5. The semantic hybrid retrieval and re-ranking method for intelligent psychological counseling for primary and secondary school students according to claim 1 is characterized in that, in step S4, the top K candidate questions and their corresponding answers are input into a pre-trained large language model, and the generation process is constrained by a semantically guided prompt template to generate optimized natural language answers; in the semantically guided prompt template, the large prediction model is constrained to answer based on the user question and the standard answer text corresponding to the top K candidate questions, thereby guiding the large language model to use the existing knowledge base content to generate more accurate and detailed responses; the large language model is deployed on a local server for training and fine-tuning as needed.

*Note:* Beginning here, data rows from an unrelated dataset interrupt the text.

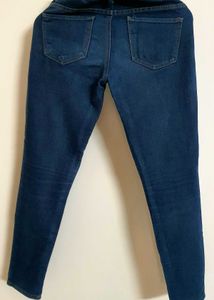 Dark Wash Denim Jeans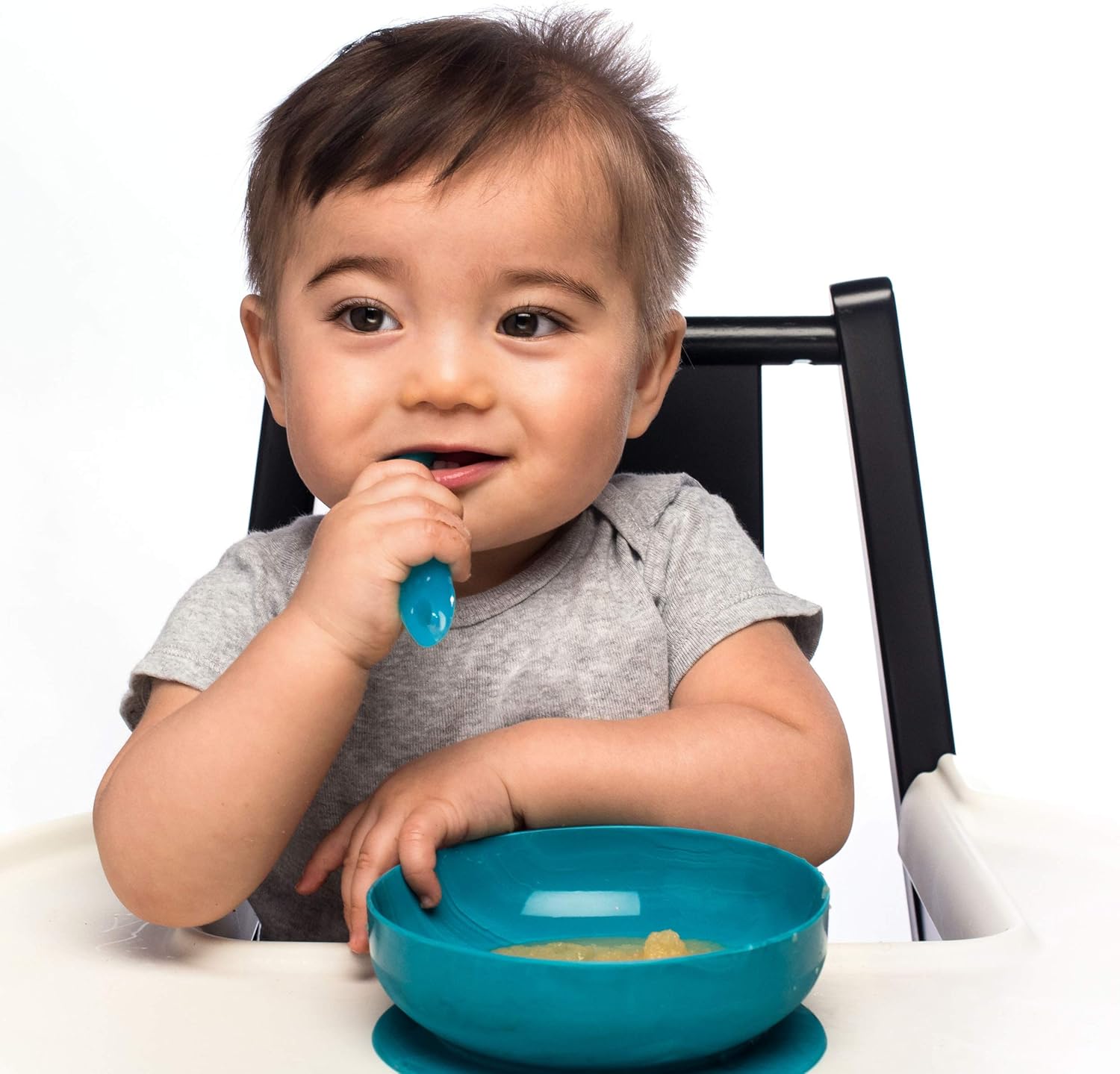 ChooMee FlexiDip Silicone Spoon for Baby Led Weaning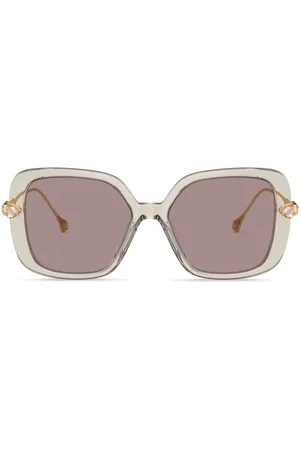 Swarovski Gafas de sol con montura oversize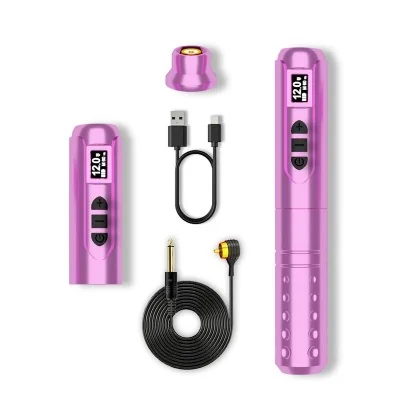 Dermografo PMU senza fili - Noam - L9 - Rosa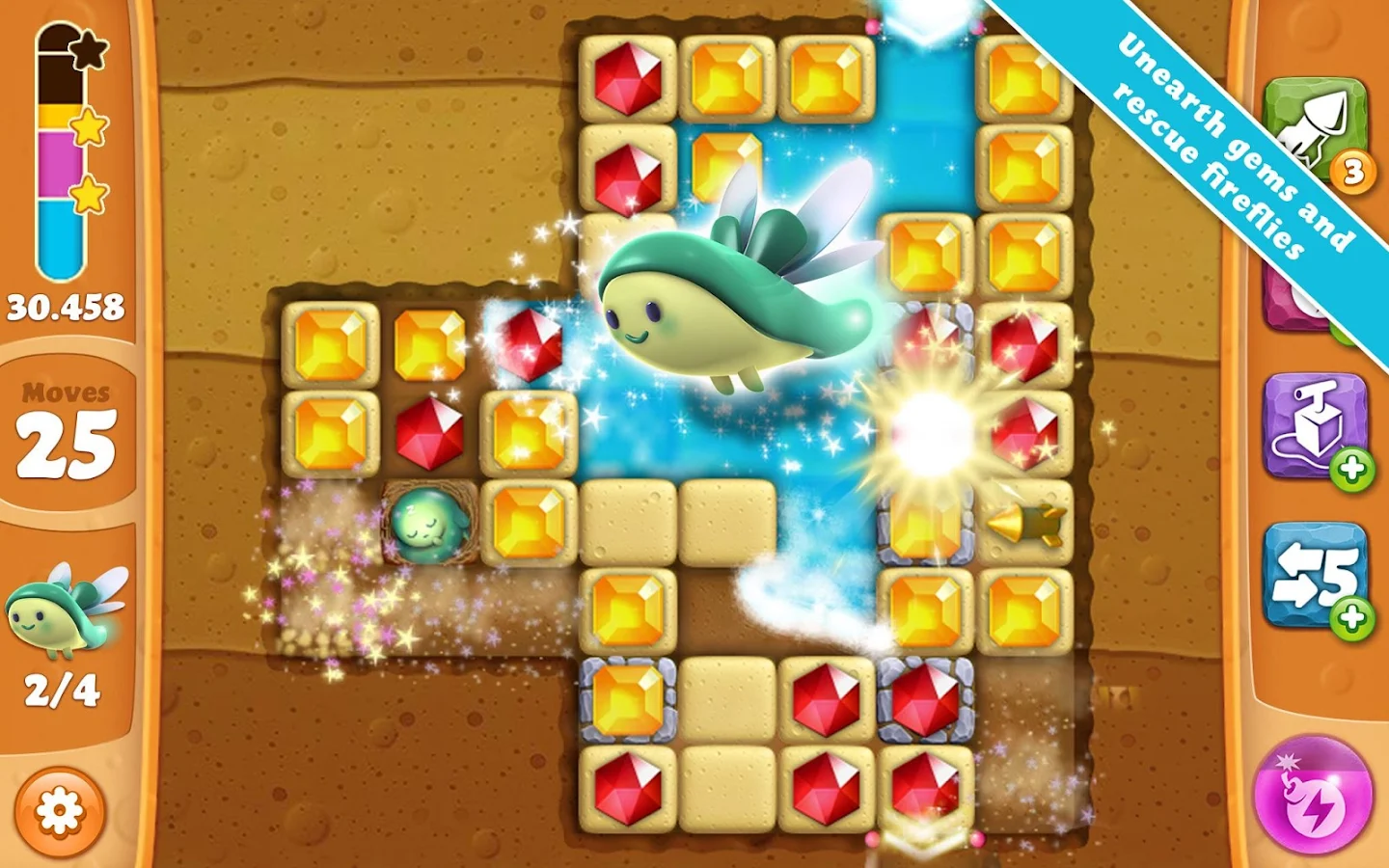 Diamond Digger Saga - screenshot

6. The semantic hybrid retrieval and re-ranking method for intelligent psychological counseling for primary and secondary school students according to claim 1 is characterized in that, in step S5, the generated answer is submitted to the manual review module for content verification, and the final answer is sent to the user after the review is passed, and the new question and answer pairs that have passed the review are added to the FAQ knowledge base in real time to complete the dynamic update of the knowledge base.

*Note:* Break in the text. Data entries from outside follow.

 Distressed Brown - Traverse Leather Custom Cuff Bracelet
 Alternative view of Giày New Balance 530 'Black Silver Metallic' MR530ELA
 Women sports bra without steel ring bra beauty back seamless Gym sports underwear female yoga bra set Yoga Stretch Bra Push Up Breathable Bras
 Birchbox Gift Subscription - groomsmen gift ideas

7. The semantic hybrid retrieval and re-ranking method for intelligent psychological counseling for primary and secondary school students according to claim 6, characterized in that the review rules of the manual review module include:

A1) Score the emotional soothingness and professional accuracy of the generated answers;

A2) If the score is below the preset threshold, the psychological counselor will manually revise the answer;

A3) The revised answer is stored in conjunction with the user's question and added to the FAQ knowledge base as a new entry.

8. The semantic hybrid retrieval and re-ranking method for intelligent psychological consultation for primary and secondary school students according to claim 6, characterized in that the update mechanism of the FAQ knowledge base includes:

B1) Perform deduplication verification on newly added question and answer pairs to avoid duplicate entries in the database;

B2) Regularly eliminate inefficient question-answer pairs from the knowledge base. The elimination rules are based on historical answer adoption rates and manual scoring.

9. An electronic device comprising a memory, a processor, and a computer program stored in the memory, wherein the processor implements the method according to any one of claims 1 to 8 when executing the computer program.

10. A computer-readable storage medium, characterized in that a computer program is stored therein, wherein when the computer program is executed by a processor, the method according to any one of claims 1 to 8 is implemented.